## Prompt
Each record below is to be set down again precisely.
+++ Given data
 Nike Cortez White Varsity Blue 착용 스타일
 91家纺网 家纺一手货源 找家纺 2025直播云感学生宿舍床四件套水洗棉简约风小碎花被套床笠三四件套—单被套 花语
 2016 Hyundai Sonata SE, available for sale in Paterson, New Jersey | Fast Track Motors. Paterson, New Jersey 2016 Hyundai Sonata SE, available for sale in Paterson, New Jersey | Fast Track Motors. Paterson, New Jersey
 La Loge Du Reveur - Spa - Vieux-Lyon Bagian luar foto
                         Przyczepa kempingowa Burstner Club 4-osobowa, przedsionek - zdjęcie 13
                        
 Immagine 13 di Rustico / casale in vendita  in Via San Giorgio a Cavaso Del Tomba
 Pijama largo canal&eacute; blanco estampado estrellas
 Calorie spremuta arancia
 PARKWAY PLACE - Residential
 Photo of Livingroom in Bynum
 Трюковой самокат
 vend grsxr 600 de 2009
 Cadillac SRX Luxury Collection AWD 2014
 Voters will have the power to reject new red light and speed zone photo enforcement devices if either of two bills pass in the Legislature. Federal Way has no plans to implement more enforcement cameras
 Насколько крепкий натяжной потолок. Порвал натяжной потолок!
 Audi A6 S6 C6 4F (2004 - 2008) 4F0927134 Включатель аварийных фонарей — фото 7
++++++
## Expected output
 Nike Cortez White Varsity Blue 착용 스타일
 91家纺网 家纺一手货源 找家纺 2025直播云感学生宿舍床四件套水洗棉简约风小碎花被套床笠三四件套—单被套 花语
 2016 Hyundai Sonata SE, available for sale in Paterson, New Jersey | Fast Track Motors. Paterson, New Jersey 2016 Hyundai Sonata SE, available for sale in Paterson, New Jersey | Fast Track Motors. Paterson, New Jersey
 La Loge Du Reveur - Spa - Vieux-Lyon Bagian luar foto
                         Przyczepa kempingowa Burstner Club 4-osobowa, przedsionek - zdjęcie 13
                        
 Immagine 13 di Rustico / casale in vendita  in Via San Giorgio a Cavaso Del Tomba
 Pijama largo canal&eacute; blanco estampado estrellas
 Calorie spremuta arancia
 PARKWAY PLACE - Residential
 Photo of Livingroom in Bynum
 Трюковой самокат
 vend grsxr 600 de 2009
 Cadillac SRX Luxury Collection AWD 2014
 Voters will have the power to reject new red light and speed zone photo enforcement devices if either of two bills pass in the Legislature. Federal Way has no plans to implement more enforcement cameras
 Насколько крепкий натяжной потолок. Порвал натяжной потолок!
 Audi A6 S6 C6 4F (2004 - 2008) 4F0927134 Включатель аварийных фонарей — фото 7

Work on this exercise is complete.